───── Data

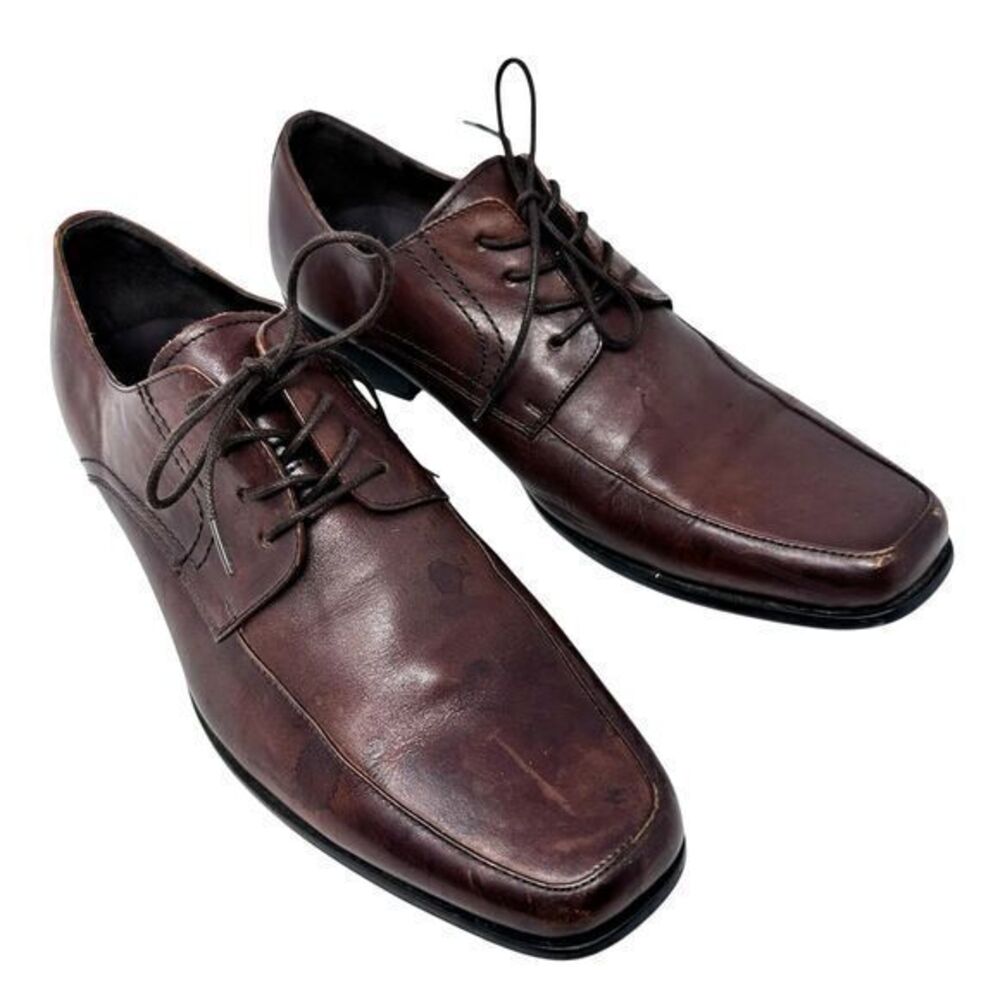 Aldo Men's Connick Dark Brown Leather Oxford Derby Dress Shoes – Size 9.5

──────────
───── Data

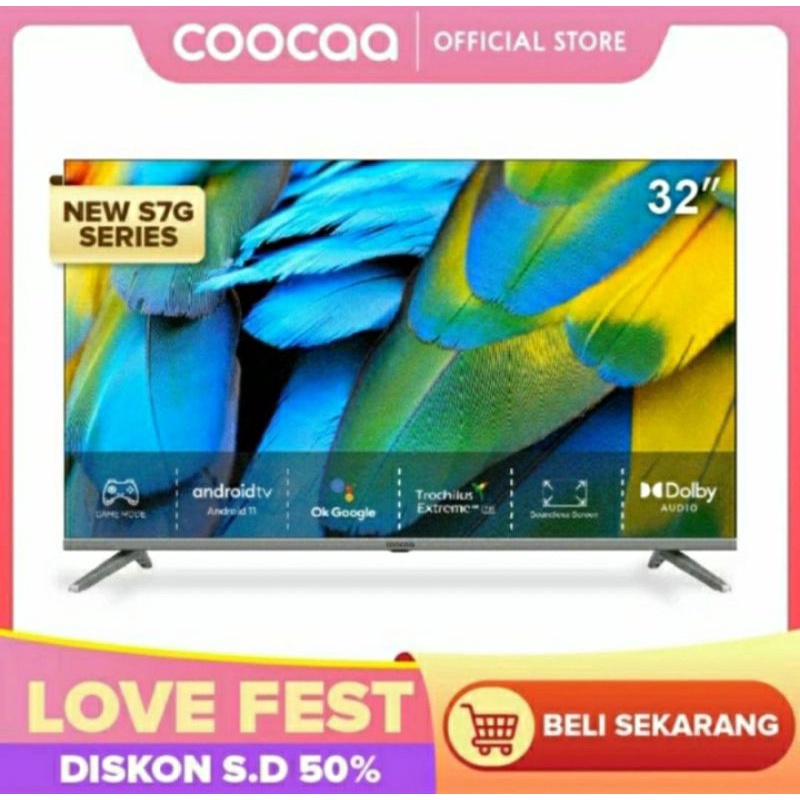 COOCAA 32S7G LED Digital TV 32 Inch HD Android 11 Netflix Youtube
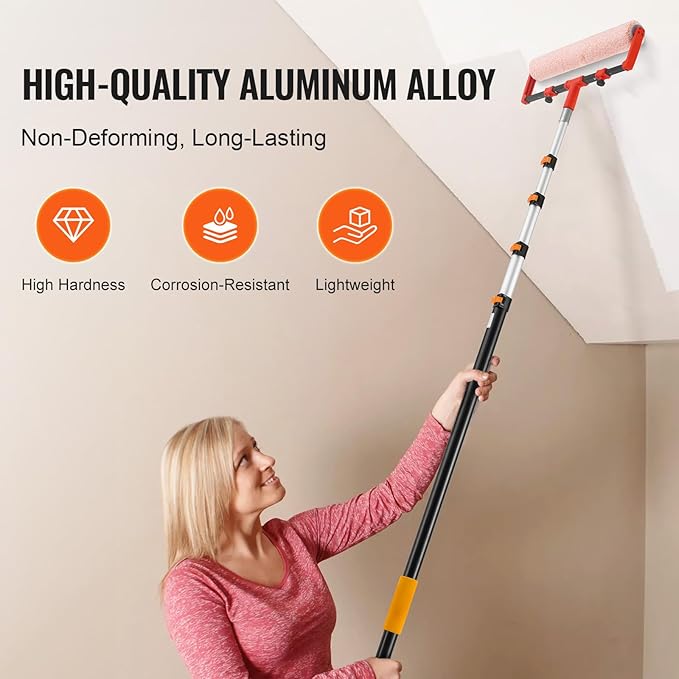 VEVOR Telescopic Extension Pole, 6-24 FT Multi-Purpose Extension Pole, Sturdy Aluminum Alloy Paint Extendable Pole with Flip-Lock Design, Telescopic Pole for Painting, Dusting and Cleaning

──────────
───── Data

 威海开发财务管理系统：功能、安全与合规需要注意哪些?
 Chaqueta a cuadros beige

──────────

> _Exercise prompt_
With the pictures omitted, print the lines above exactly, beginning at the line with "COOCAA 32S7G LED" and going on through the line with "VEVOR Telescopic Extension".

> _Exercise response_
 COOCAA 32S7G LED Digital TV 32 Inch HD Android 11 Netflix Youtube
 VEVOR Telescopic Extension Pole, 6-24 FT Multi-Purpose Extension Pole, Sturdy Aluminum Alloy Paint Extendable Pole with Flip-Lock Design, Telescopic Pole for Painting, Dusting and Cleaning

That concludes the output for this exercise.